The Revenue said it received information on €84m in offshore assets before a late spring deadline, and confirmed it will investigate the latest revelations made in the so-called Paradise Papers.
The haul came as last year’s Finance Act imposed a deadline of May this year after which tax defaulters with undisclosed offshore assets could no longer avail of the Revenue’s voluntary disclosure procedures and reduced penalties.
Before the deadline, the Revenue received 2,734 disclosures, including property, shares, bank accounts and pensions, worth €84m and over half were held in the UK. France, the US, Spain, Germany, Australia, Canada, along with the Isle of Man, Luxembourg, and Jersey, featured prominently on the list.
Revenue’s firepower in tackling offshore tax evasion has been considerably strengthened in recent years by agreements struck between EU countries under the auspices of the Organisation for Economic and Co-operation and Development (OECD), and tax authorities are increasingly sharing information.
However, there is considerable anger across the world about the untaxed billions resting in offshore havens, as leaks from tax advisers in the Panama Papers, and most recently in the Paradise Papers, fuel public concern.
Declan Rigney, who heads up Revenue’s Planning Division, said the authorities are using the new era of co-operation to ensnare tax evasion cases disclosed in the Paradise Papers. “Revenue is also aware of, and is actively examining, the information and revelations published in the media,” Mr Rigney said.
“As further information becomes available from this or any other source, we will likewise examine it.

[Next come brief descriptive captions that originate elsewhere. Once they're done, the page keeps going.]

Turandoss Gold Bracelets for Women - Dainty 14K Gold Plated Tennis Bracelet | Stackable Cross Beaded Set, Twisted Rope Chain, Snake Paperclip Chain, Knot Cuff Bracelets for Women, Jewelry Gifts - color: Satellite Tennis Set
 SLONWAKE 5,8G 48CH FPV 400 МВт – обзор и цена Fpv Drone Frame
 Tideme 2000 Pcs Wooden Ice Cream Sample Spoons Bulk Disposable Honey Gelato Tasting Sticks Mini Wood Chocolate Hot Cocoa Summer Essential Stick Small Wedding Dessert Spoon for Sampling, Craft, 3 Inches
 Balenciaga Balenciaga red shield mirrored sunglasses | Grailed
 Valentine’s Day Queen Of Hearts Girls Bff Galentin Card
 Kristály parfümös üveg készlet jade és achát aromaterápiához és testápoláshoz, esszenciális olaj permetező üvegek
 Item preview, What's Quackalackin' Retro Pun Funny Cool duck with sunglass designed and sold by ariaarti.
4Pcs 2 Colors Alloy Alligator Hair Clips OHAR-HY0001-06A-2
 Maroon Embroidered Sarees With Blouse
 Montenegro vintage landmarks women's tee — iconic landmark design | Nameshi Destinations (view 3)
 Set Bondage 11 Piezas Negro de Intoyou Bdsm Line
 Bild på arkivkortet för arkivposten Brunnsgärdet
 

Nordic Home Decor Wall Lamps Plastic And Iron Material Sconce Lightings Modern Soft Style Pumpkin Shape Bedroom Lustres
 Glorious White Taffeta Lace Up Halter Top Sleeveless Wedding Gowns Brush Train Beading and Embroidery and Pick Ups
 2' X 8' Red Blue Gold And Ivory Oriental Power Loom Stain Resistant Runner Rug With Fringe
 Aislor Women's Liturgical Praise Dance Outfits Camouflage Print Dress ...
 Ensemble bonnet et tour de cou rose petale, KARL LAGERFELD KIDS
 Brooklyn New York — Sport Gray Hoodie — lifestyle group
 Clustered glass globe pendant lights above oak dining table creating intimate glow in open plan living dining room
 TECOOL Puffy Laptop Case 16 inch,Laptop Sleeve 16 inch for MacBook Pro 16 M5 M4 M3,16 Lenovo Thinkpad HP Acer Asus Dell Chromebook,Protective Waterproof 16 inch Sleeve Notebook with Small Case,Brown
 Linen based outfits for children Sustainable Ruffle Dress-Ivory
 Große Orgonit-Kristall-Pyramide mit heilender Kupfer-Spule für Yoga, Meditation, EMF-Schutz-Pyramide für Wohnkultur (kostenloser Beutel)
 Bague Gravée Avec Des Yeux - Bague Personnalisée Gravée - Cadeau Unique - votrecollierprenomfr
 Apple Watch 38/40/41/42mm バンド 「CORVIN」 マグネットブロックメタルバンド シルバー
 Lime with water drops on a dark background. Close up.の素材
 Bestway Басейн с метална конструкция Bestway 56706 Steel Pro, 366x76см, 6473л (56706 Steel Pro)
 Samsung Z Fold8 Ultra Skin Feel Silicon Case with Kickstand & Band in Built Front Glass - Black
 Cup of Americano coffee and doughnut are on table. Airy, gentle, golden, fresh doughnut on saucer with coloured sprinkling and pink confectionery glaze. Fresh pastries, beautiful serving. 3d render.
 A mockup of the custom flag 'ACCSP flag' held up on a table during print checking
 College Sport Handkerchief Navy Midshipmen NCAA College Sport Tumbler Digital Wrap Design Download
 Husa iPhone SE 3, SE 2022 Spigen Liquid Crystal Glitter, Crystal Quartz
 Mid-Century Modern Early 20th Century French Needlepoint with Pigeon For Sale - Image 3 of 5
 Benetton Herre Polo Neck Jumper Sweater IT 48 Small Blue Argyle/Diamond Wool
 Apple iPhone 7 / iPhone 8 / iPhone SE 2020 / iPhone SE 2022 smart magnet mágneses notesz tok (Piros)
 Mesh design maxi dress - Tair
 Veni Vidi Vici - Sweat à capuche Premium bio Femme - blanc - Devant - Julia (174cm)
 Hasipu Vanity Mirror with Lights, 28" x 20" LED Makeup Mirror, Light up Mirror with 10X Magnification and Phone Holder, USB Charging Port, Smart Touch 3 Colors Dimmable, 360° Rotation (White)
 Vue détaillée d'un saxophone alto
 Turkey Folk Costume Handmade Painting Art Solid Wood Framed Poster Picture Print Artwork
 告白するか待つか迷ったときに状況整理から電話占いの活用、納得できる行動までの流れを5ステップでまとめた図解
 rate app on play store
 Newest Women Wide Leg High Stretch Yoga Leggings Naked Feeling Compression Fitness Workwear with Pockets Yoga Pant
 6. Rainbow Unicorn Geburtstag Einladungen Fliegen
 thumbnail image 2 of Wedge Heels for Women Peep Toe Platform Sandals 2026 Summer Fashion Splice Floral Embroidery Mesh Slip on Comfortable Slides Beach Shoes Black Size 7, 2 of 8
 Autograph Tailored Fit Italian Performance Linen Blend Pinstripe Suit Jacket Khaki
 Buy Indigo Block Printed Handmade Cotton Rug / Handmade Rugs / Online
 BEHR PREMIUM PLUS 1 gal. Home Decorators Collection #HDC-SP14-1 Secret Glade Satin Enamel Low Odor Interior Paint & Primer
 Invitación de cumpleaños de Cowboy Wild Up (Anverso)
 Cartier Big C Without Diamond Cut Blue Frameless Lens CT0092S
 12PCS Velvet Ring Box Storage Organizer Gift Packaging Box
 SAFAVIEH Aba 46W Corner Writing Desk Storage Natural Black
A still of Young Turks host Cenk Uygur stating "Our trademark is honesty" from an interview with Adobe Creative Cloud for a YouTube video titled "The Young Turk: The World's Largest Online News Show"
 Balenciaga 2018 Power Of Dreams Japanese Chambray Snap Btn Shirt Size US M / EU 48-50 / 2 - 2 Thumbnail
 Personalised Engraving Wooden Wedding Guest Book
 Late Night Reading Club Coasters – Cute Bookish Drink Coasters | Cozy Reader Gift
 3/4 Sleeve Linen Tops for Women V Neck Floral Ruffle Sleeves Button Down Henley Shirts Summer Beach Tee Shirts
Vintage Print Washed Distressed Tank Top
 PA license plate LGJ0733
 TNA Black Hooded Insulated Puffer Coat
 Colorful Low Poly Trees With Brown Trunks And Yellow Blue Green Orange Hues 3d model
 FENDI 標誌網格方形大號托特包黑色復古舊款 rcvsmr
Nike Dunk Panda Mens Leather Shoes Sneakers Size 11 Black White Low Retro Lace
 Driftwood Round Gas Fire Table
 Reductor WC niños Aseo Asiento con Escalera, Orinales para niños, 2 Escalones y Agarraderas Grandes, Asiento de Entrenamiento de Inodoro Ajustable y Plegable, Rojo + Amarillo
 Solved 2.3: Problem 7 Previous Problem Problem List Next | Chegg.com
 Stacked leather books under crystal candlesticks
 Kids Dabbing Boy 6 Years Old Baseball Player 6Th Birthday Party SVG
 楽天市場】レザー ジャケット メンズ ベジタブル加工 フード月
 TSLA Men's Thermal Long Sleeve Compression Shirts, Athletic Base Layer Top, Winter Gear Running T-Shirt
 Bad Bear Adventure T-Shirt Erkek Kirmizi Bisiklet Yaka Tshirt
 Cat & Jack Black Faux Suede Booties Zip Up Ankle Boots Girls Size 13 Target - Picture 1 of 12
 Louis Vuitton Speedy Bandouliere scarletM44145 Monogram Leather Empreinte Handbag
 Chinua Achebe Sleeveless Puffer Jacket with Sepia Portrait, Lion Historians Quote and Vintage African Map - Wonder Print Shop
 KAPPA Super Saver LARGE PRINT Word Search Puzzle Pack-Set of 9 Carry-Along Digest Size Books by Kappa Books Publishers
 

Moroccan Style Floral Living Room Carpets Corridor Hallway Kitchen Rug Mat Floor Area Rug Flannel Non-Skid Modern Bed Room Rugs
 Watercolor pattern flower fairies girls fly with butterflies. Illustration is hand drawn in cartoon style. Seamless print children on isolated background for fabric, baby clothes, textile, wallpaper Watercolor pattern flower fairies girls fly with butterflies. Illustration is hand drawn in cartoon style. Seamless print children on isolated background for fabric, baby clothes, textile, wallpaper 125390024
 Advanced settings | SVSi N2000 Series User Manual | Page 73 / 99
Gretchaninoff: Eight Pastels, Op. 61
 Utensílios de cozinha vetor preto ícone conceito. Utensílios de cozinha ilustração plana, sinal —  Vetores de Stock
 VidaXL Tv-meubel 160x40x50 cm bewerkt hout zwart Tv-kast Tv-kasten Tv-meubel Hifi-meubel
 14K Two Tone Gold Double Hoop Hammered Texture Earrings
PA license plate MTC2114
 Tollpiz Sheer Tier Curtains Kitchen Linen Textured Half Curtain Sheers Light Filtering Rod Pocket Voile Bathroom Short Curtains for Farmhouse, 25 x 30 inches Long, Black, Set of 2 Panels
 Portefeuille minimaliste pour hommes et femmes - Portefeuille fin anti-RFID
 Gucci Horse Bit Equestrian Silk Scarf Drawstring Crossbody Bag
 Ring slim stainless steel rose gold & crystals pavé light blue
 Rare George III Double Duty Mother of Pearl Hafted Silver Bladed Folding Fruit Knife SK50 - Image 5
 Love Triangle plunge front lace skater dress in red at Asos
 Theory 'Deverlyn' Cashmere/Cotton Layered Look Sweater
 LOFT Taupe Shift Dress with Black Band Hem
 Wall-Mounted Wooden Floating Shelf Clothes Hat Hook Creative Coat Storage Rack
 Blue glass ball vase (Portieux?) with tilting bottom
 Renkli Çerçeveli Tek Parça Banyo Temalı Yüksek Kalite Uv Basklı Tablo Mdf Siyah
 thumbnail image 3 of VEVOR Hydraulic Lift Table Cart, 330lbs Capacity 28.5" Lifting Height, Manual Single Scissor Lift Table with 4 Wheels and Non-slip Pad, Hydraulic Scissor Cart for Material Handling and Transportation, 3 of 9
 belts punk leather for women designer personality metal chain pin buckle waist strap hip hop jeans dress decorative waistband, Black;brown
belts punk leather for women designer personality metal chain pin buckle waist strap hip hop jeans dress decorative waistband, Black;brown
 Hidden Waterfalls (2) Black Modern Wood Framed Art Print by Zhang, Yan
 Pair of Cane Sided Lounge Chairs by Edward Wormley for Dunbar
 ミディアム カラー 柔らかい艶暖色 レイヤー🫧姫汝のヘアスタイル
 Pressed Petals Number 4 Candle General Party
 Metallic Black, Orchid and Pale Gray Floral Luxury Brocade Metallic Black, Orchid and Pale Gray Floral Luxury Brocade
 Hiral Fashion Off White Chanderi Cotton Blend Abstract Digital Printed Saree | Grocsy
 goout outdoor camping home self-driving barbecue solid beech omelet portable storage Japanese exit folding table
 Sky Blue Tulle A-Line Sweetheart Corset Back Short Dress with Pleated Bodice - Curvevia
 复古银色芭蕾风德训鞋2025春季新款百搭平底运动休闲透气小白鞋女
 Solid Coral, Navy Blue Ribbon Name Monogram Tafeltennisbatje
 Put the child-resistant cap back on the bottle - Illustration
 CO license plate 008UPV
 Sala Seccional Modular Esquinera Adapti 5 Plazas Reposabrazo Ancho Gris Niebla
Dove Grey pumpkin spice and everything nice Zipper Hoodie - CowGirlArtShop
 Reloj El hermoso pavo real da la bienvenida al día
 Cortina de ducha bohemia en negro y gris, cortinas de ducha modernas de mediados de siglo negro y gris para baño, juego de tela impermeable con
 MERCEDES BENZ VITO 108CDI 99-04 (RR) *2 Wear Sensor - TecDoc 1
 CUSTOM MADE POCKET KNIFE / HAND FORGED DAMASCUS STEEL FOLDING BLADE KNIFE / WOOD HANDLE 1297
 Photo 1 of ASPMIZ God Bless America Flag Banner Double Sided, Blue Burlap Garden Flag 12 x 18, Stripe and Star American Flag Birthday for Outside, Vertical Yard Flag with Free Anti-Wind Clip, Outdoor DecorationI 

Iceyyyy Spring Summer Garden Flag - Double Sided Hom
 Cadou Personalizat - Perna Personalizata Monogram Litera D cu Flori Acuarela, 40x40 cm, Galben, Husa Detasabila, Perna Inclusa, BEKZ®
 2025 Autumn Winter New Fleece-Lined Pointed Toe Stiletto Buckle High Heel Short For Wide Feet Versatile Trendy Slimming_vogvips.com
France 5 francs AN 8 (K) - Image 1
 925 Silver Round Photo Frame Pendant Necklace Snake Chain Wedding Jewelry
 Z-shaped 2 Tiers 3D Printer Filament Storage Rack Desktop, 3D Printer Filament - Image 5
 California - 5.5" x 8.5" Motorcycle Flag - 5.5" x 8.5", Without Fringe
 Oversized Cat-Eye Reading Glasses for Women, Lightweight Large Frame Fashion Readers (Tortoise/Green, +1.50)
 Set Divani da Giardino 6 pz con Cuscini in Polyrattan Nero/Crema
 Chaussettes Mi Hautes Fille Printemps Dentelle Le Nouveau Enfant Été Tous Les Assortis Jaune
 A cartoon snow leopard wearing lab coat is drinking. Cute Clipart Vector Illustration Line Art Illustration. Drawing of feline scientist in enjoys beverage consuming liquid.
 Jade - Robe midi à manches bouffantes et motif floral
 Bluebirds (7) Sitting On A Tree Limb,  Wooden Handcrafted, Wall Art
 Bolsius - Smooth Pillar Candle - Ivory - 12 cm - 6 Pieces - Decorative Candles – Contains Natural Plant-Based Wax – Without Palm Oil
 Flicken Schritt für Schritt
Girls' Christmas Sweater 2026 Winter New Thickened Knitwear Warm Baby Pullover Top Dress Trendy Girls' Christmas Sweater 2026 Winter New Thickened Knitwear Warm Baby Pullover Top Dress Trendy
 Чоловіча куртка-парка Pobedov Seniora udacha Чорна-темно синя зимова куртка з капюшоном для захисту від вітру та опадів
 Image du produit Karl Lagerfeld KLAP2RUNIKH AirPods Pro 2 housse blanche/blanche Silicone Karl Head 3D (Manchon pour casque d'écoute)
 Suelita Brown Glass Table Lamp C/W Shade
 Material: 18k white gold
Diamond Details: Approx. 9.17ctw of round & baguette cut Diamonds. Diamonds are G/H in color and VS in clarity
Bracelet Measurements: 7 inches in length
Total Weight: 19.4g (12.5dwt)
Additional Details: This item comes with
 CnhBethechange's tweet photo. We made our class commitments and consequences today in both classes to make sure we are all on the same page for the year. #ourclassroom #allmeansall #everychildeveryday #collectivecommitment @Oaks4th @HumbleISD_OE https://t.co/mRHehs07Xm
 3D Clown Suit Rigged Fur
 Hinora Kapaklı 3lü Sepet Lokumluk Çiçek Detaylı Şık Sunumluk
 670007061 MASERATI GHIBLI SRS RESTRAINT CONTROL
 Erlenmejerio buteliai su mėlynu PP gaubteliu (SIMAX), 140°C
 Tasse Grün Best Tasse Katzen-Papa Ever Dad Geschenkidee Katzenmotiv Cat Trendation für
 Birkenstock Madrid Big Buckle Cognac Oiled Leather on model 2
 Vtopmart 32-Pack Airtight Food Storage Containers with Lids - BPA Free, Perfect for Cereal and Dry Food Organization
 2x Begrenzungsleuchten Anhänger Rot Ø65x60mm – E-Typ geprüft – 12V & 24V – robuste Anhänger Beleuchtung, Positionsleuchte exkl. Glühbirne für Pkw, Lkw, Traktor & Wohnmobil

Revenue will also work in close co-operation with other tax administrations in the framework of the OECD’s Joint International Taskforce on Shared Intelligence and Co-operation, to address issues raised by the Paradise Papers and will, as appropriate, share information with these other tax administrations under existing legal frameworks,” he said.
Tax advisers said that despite disquiet there are signs individual Irish taxpayers are increasingly tax-compliant over their offshore assets. Tax hauls from voluntary disclosures and enquiries are considerably less than over a decade ago because international agreements have tightened up in recent years, said Brian Keegan, director of public policy and taxation at Chartered Accountants Ireland.
Revenue struck information-sharing pacts between EU tax authorities and information effectively started to flow into Revenue this year, Mr Keegan said.
Mr Rigney at Revenue said: “The international environment has changed very significantly since Revenue started to investigate offshore bank accounts and other offshore assets in 1999. Tax authorities worldwide now co-operate very closely in identifying and tackling those who hide their profits or gains abroad. Initiatives such as Facta — an inter-governmental agreement to share financial account information with the US; Dac — EU Directives on Administrative Co-operation; and CRS, the OECD’s Common Reporting Standard, involving over 100 countries, provide tax administrations, including Revenue, with access to information in respect of the offshore assets and income of their residents.”